◆ **Goal of the exercise**: Apart from pictures, transcribe exactly each line from the one containing "Four Color Comics Issue #1009 - Page 16" through the final line of the listing below.

● ● ● ● ●

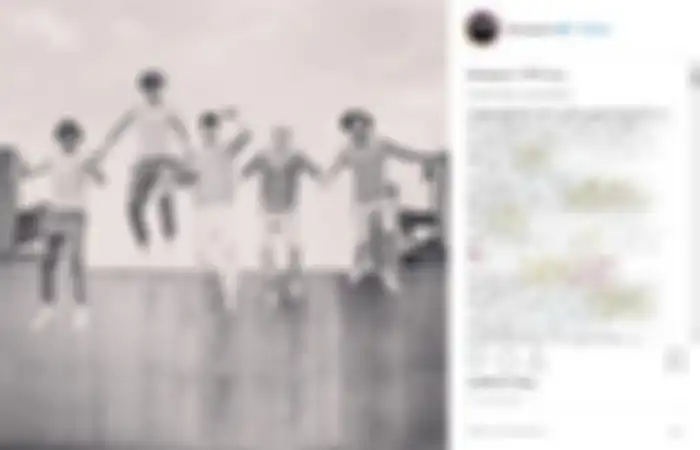 Postingan Liam Payne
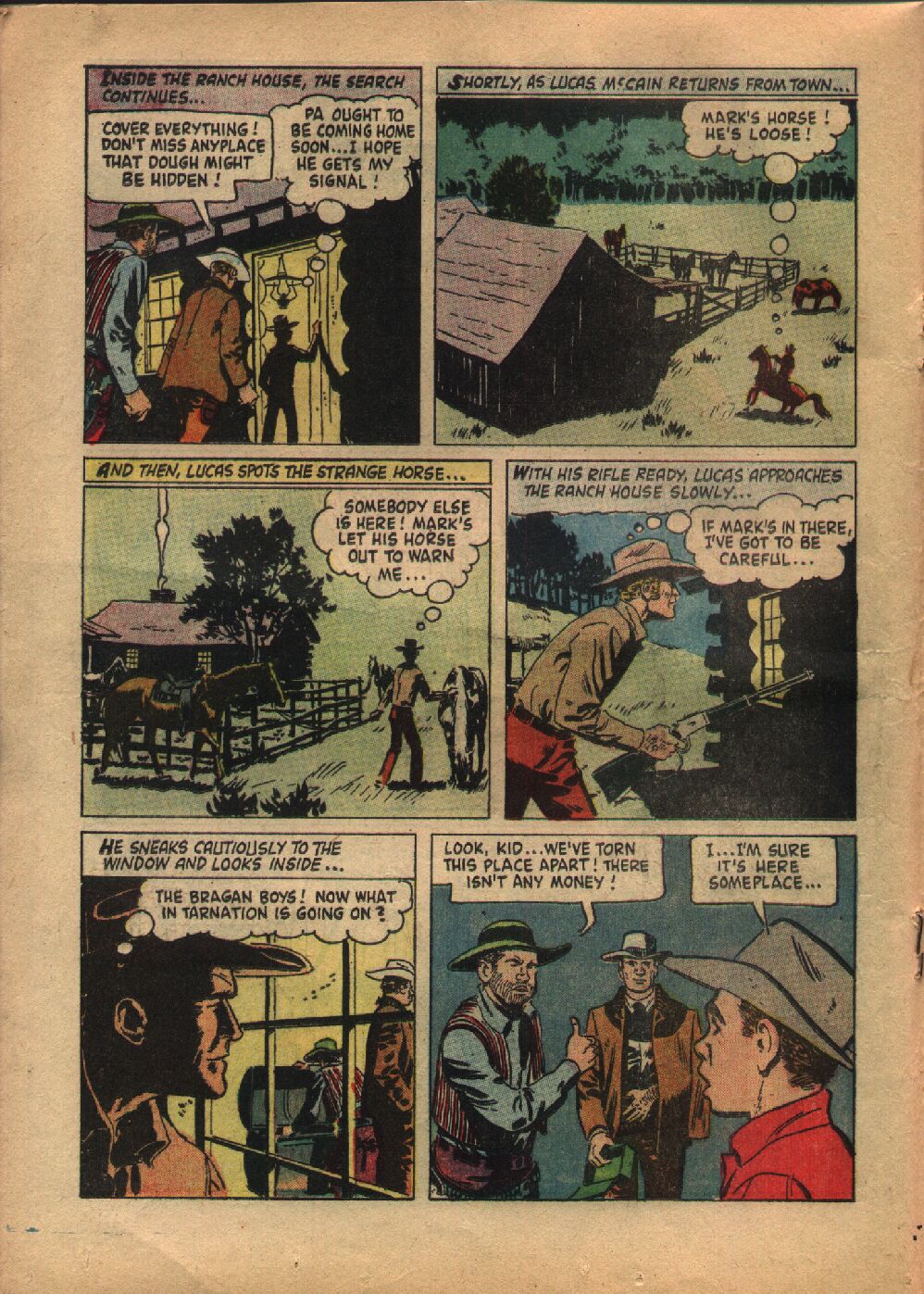 Four Color Comics Issue #1009 - Page 16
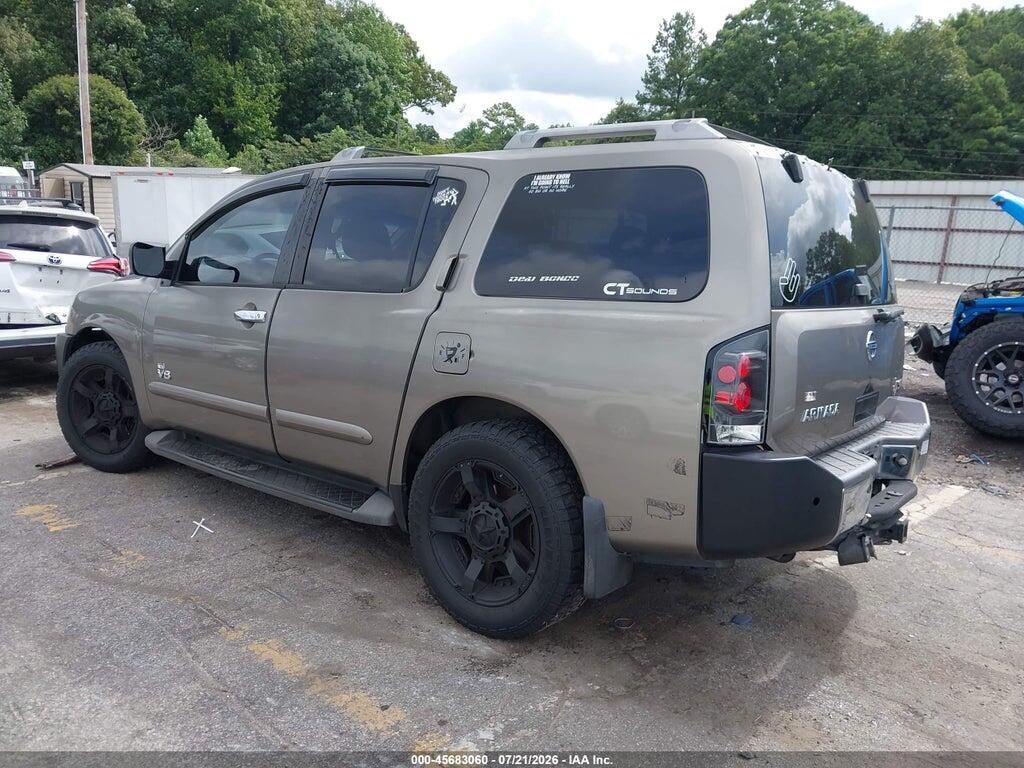 5N1BA08A47N718808 2007 NISSAN ARMADA photo no. 3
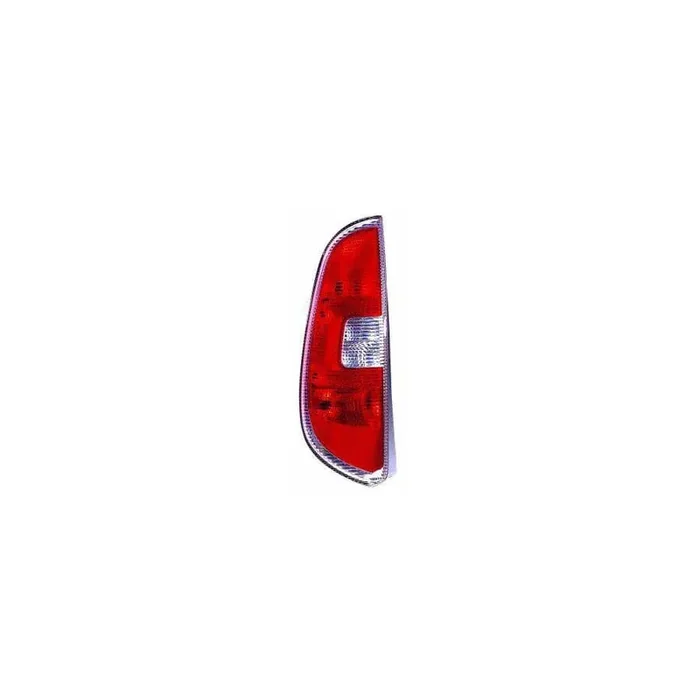 Abakus 6651913Lue Rear Light for Skoda Roomster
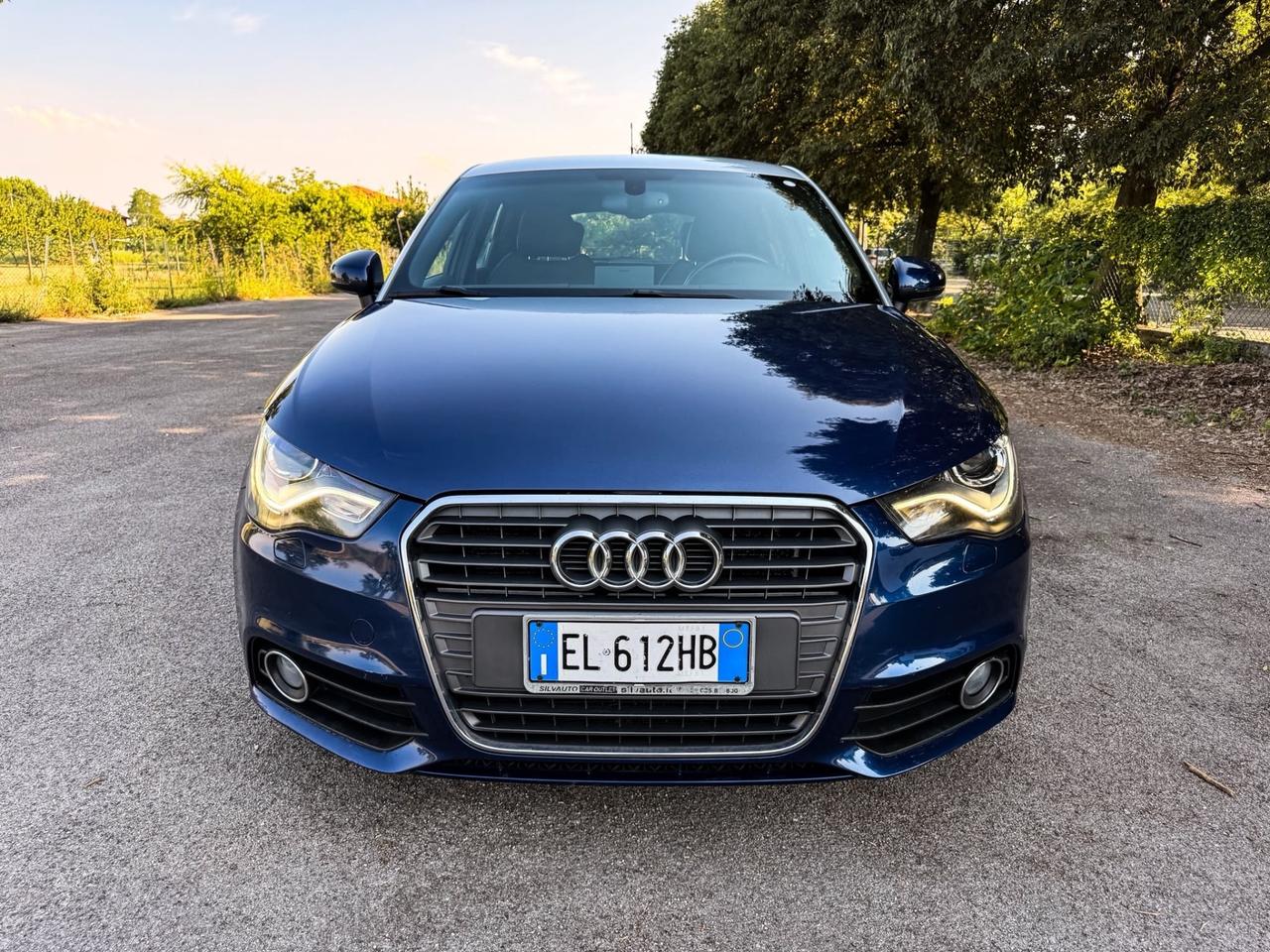 Audi A1 SPB 1.4 TFSI S tronic Ambition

● ● ● ● ●

◆ **Response to the task**:
 Four Color Comics Issue #1009 - Page 16
 5N1BA08A47N718808 2007 NISSAN ARMADA photo no. 3
 Abakus 6651913Lue Rear Light for Skoda Roomster
 Audi A1 SPB 1.4 TFSI S tronic Ambition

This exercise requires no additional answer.